For downstream task evaluation, we compare on SuperGLUE (Wang et al., 2019), TydiQA (Clark et al., 2020), a large collection of generation tasks, which we call Gen-tasks (comprising of SQuADv2 (Rajpurkar et al., 2018), Natural Questions (Kwiatkowski et al., 2019), TriviaQA (Joshi et al., 2017), WebQuestions (Berant et al., 2013) and Lambada (Paperno et al., 2016)), MBPP (Austin et al., 2021), and WMT22 (Zerva et al., 2022). WMT22 results are averaged over x → en translations for different languages x. For TydiQA, we pass the gold passage as part of the input, and report the average F1-score over all languages. For SuperGLUE and Gen-tasks, we follow the experimental settings as described in (Anil et al., 2023) and report the average results. We report 1-shot evaluations for all performance evaluation experiments.

4.2 Latency Evaluation

We perform latency evaluation in two different settings. In the first setting, we use Tandem-CE and Tandem-Distil as secondary models within SPEED, with PaLM2-Bison as the primary model. Note that the SPEED framework guarantees that the outputs will be of the same quality as the primary model PaLM2-Bison. For comparison, we use PaLM2-Bison as a stand alone model, as well as SPEED with PaLM2-Bison as primary and PaLM2-GeckoDistil as secondary as our baselines. In the second setting, we evaluate the latency of Tandem-CE and Tandem-Distil as stand alone models with PaLM2-Gecko, PaLM2-Otter and PaLM2-Bison. All the evaluations are performed on TPUv5e (Cloud).

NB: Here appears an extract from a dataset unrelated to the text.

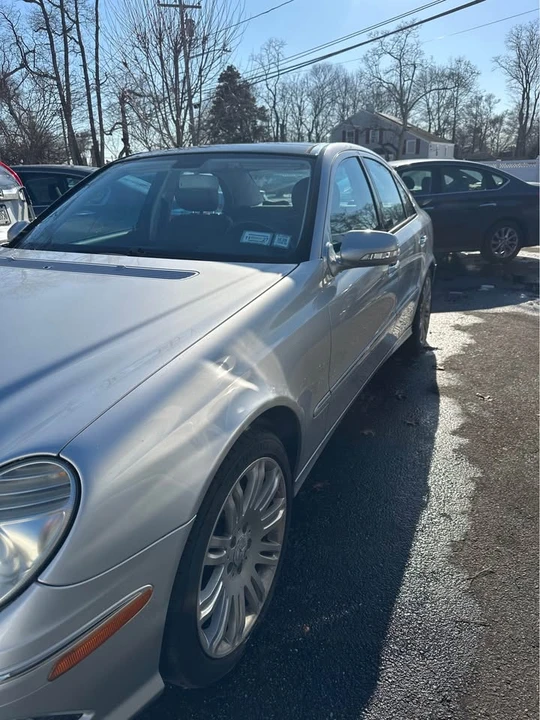 2009 Mercedes-Benz W211 E-Class - Image 2 of 7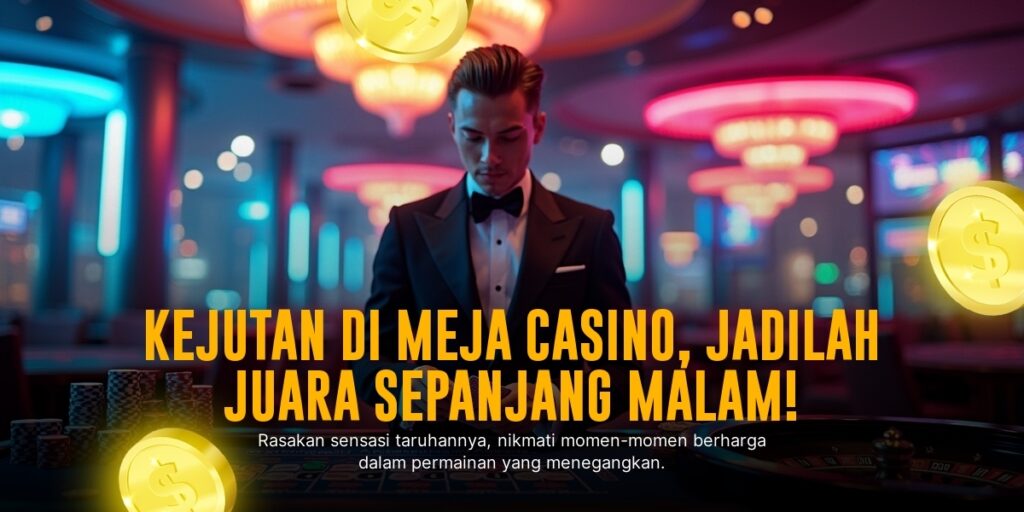 Strategi Jitu Menangkan Baccarat Live dari Evolution Gaming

We evaluate latency on the test sets of CNNDailyMail (Hermann et al., 2015), and Reddit Posts summarization (Kim et al., 2018), and 1000 prompts from the 1 Billion Word

Table 2. End-to-end latency gain of various secondary models, when used within the SPEED framework with PaLM2-Bison as the primary model. The secondary models we consider are: PaLM2-Gecko-Distil and Tandem-Distil. Since Tandem-Distil has better acceptance rate compared to PaLM2-Gecko-Distil, e.g., for γ = 5, Tandem-Distil has, on average, 11.24% more tokens accepted compared to PaLM2-Gecko-Distil, for each secondary model, and on each dataset, we use the optimal block length γ parameter. We consider two settings, one where we generate a single response and another where we generate 4 responses for the given query. The third and fourth column provide the speedup by using PaLM2-Gecko-Distil and Tandem models respectively, with respect to the PaLM2-Bison model. The last column indicates the relative gain of using the Tandem model as the secondary model in SPEED, instead of PaLM2-Gecko-Distil. The results clearly demonstrate the additional improvements Tandem obtains, on top of logit distillation.

Table 3. Standalone evaluation of the Tandem model. The first five rows present downstream evaluations of the Tandem transformers on a variety of generative and ranking tasks. We see that the Tandem model substantially improves upon the performance of stand alone PaLM2-Gecko model, and is on par with the PaLM2Otter model. On the other hand, the latency evaluations in the last row demonstrate that the Tandem model is about 1.16x faster than the PaLM2-Otter model.

4.3 Evaluation Results

We now present results of our evaluation of tandem transformers.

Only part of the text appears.